== Segment start ==

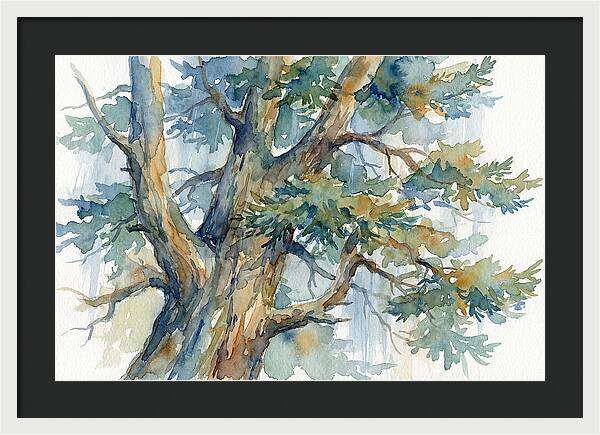 Conifer Tree Serenity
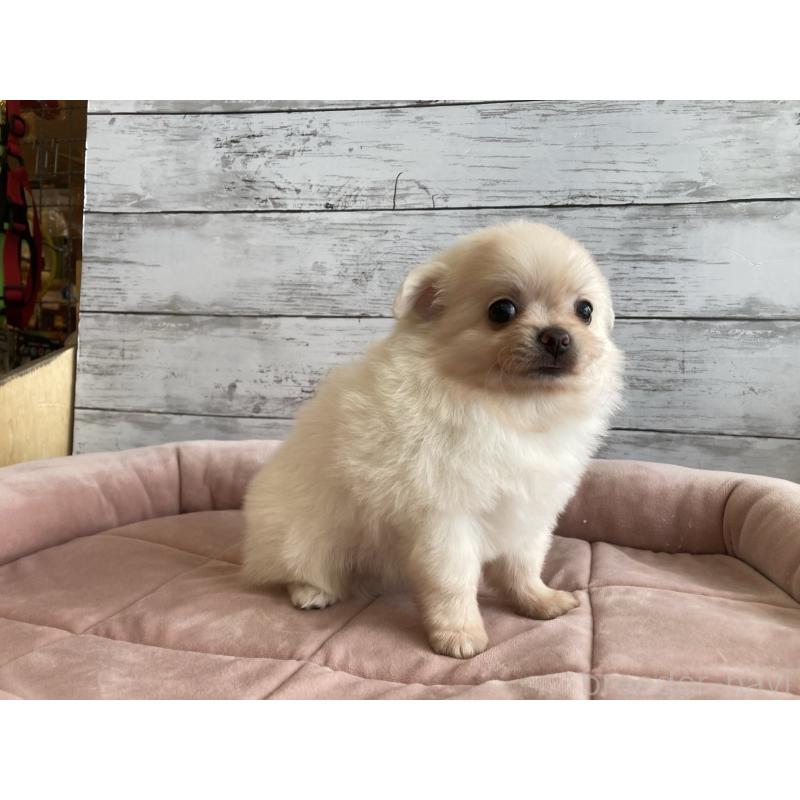 成約済の北海道のポメチワ:ポメラニアン×チワワ-430780の4枚目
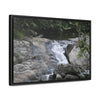 Rainforest Trails & Views - Gallery Canvas Wraps, Horizontal Frame - El Yunque National Forest - Puerto Rico - Nice ponds above the bridge and next toi Rio Sabana Park camping grounds - Green Forest Home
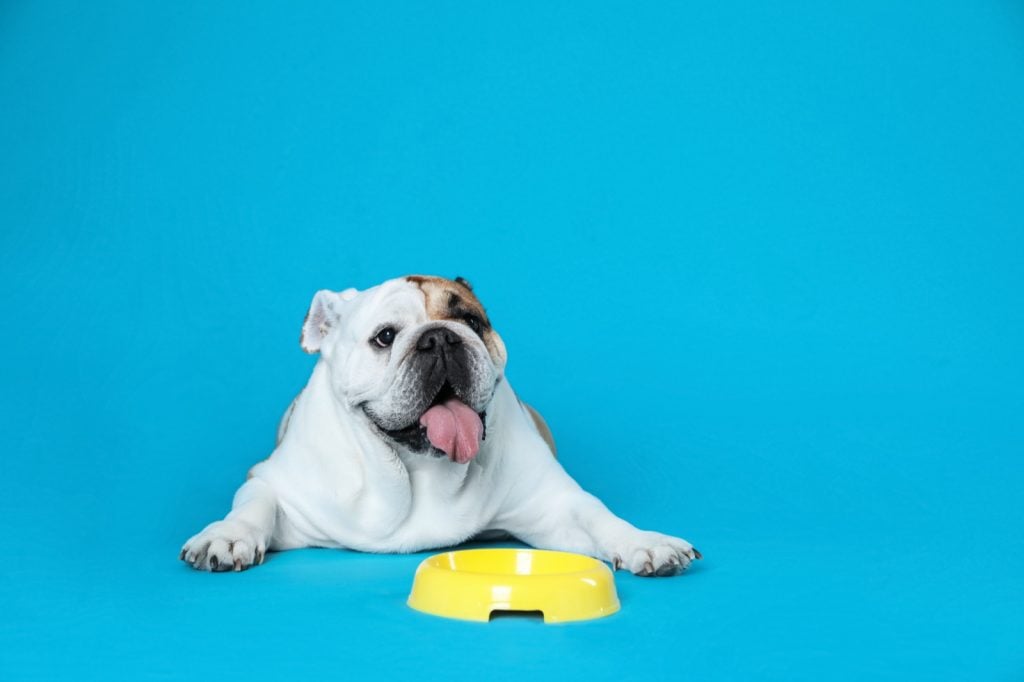 English bulldog with yellow feeding bowl on blue background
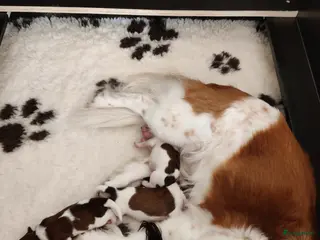 Kooikerhondje honden Raszuivere Kooiker pups nog 3 reutjes beschikbaar. - Advertentie 2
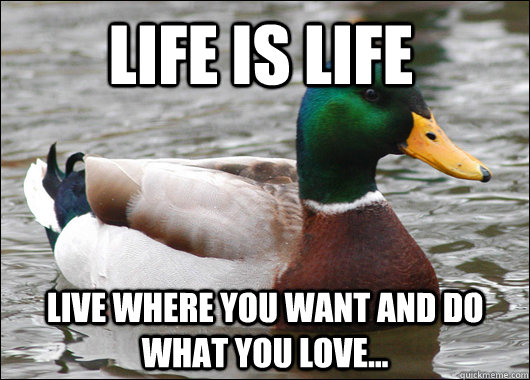 Life is life Live where you want and do what you love...  Actual Advice Mallard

== Segment end ==

_Assigned task_.
Exactly the lines from the one holding "Kooikerhondje honden Raszuivere" through the last line of the entries must be set down, with nothing added and no pictures.

_Answer section_.
 Kooikerhondje honden Raszuivere Kooiker pups nog 3 reutjes beschikbaar. - Advertentie 2
 Life is life Live where you want and do what you love...  Actual Advice Mallard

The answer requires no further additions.